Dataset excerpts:
-- Opening Marker --

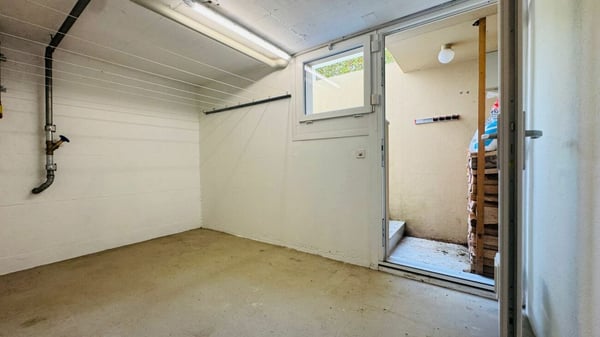 SCHÖNES 6.5-ZIMMER-DOPPEL-EINFAMILIENHAUS MIT WINTERGARTEN, GARTEN & PARKIERUNG AN TOPLAGE 20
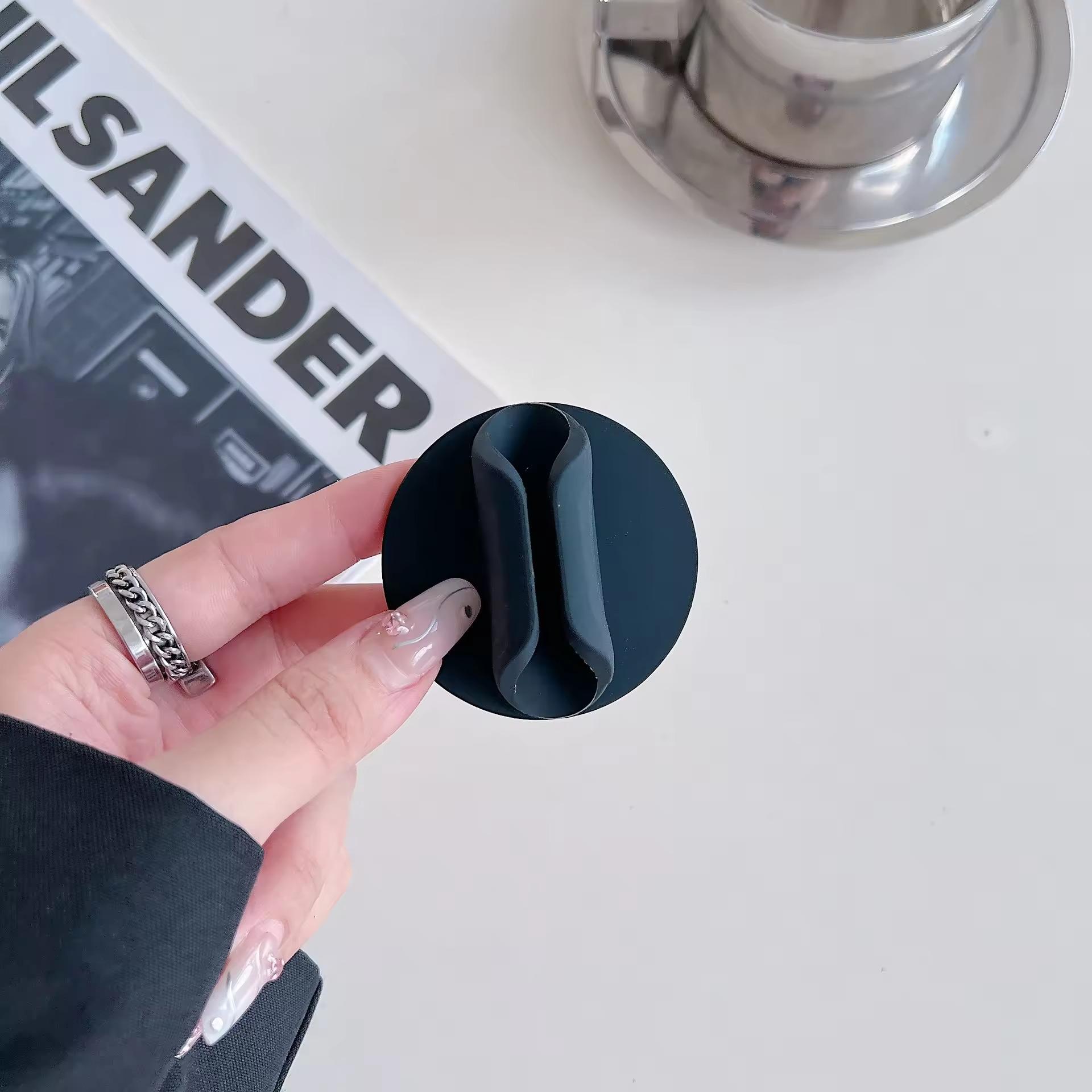 3M Adhesive Sticker Universal Mobile Phone Accessories Custom Lipstick Holders Flexible Silicone Lipstick Suction Phone Holder чёрный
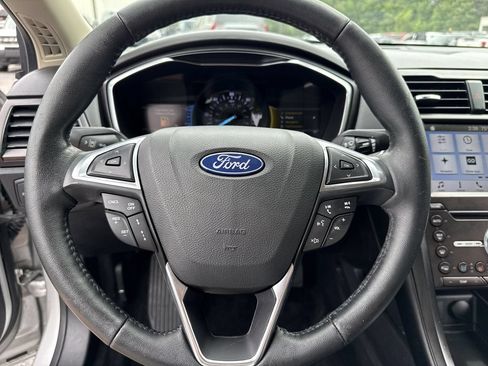 Used 2019 Ford Fusion Energi Titanium FWD image 23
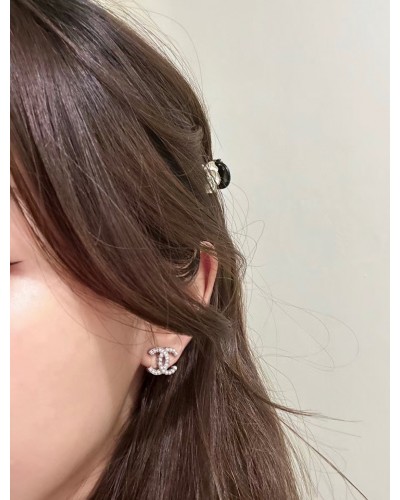 CHANEL 샤넬 cc 귀걸이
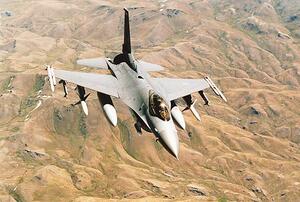 Fotografie de artă General Dynamics F-16 Falcon in flight over desert, Stocktrek, (40 x 26.7 cm)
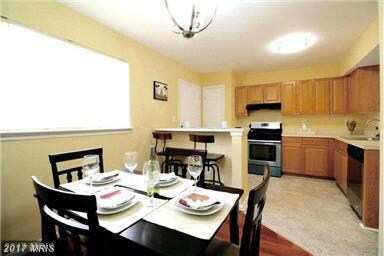 715 W Cherry Blossom Way, Baltimore, MD 21201 - photo 4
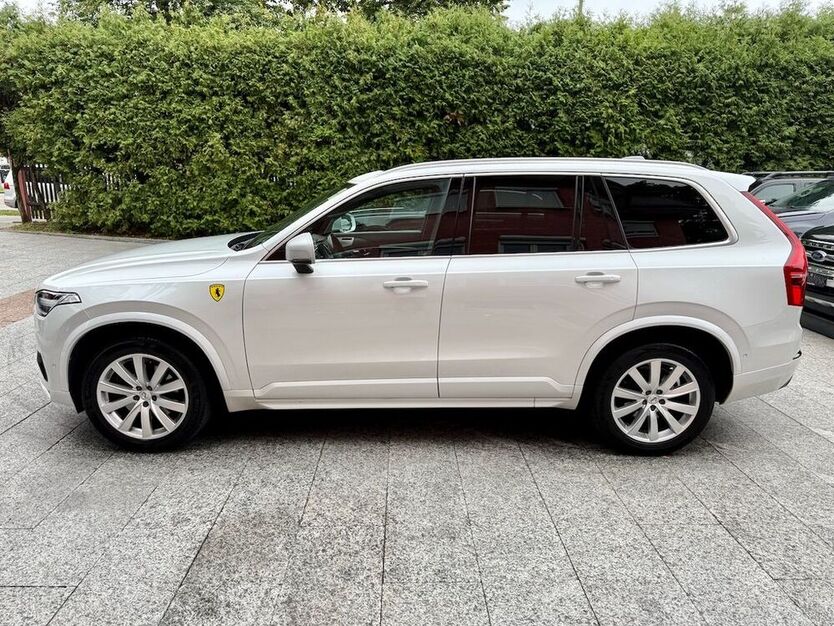 XC90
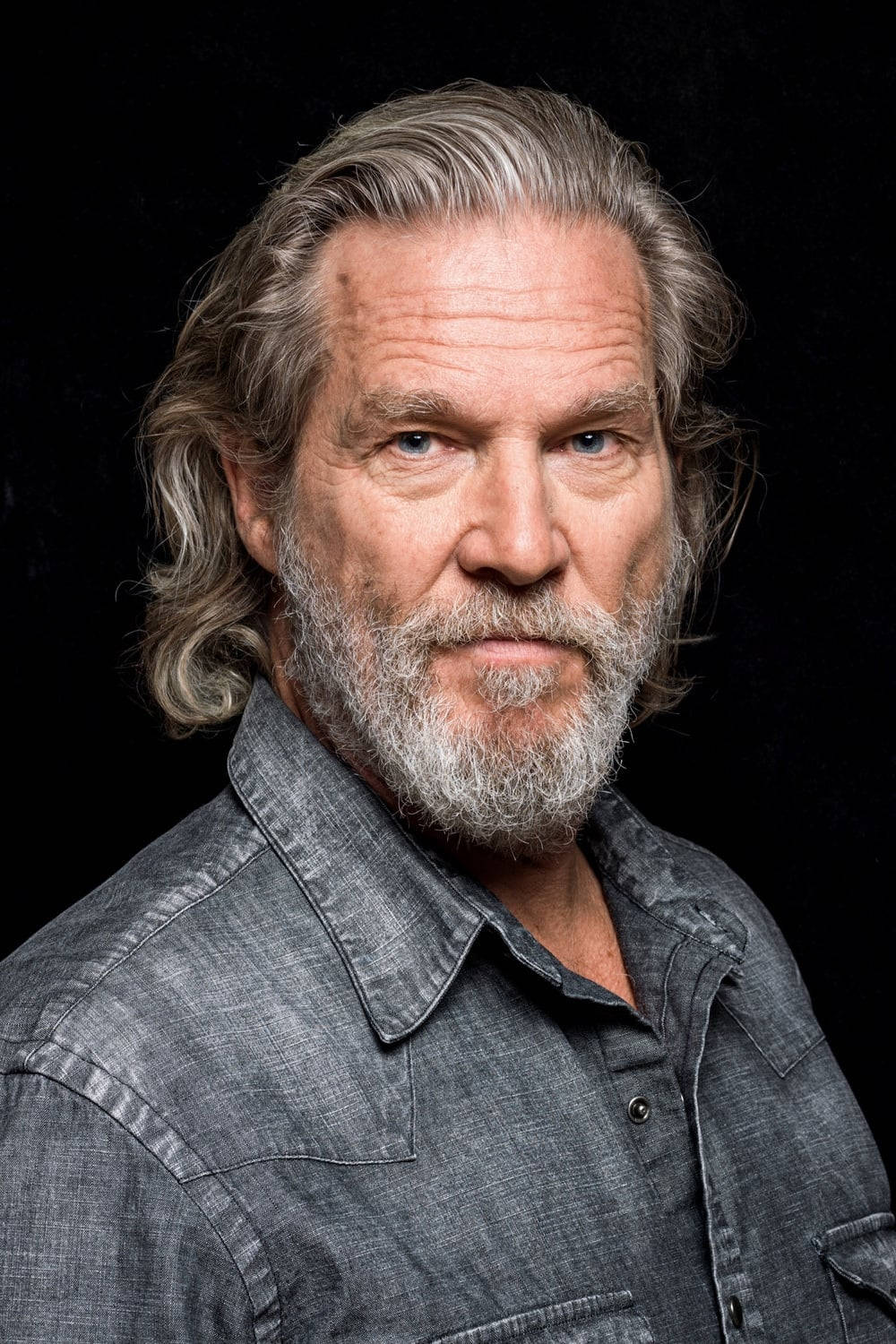 1000x1500 Download Actor Jeff Bridges In Denim Jacket Wallpaper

-- Closing Marker --

(WORK TO COMPLETE) Your answer must be an exact copy of the lines above, from the line that contains "Used 2019 Ford" through the final line, with no pictures in it.

(COMPLETED EXERCISE)
 Used 2019 Ford Fusion Energi Titanium FWD image 23
 CHANEL 샤넬 cc 귀걸이
 Fotografie de artă General Dynamics F-16 Falcon in flight over desert, Stocktrek, (40 x 26.7 cm)
 715 W Cherry Blossom Way, Baltimore, MD 21201 - photo 4
 XC90
 1000x1500 Download Actor Jeff Bridges In Denim Jacket Wallpaper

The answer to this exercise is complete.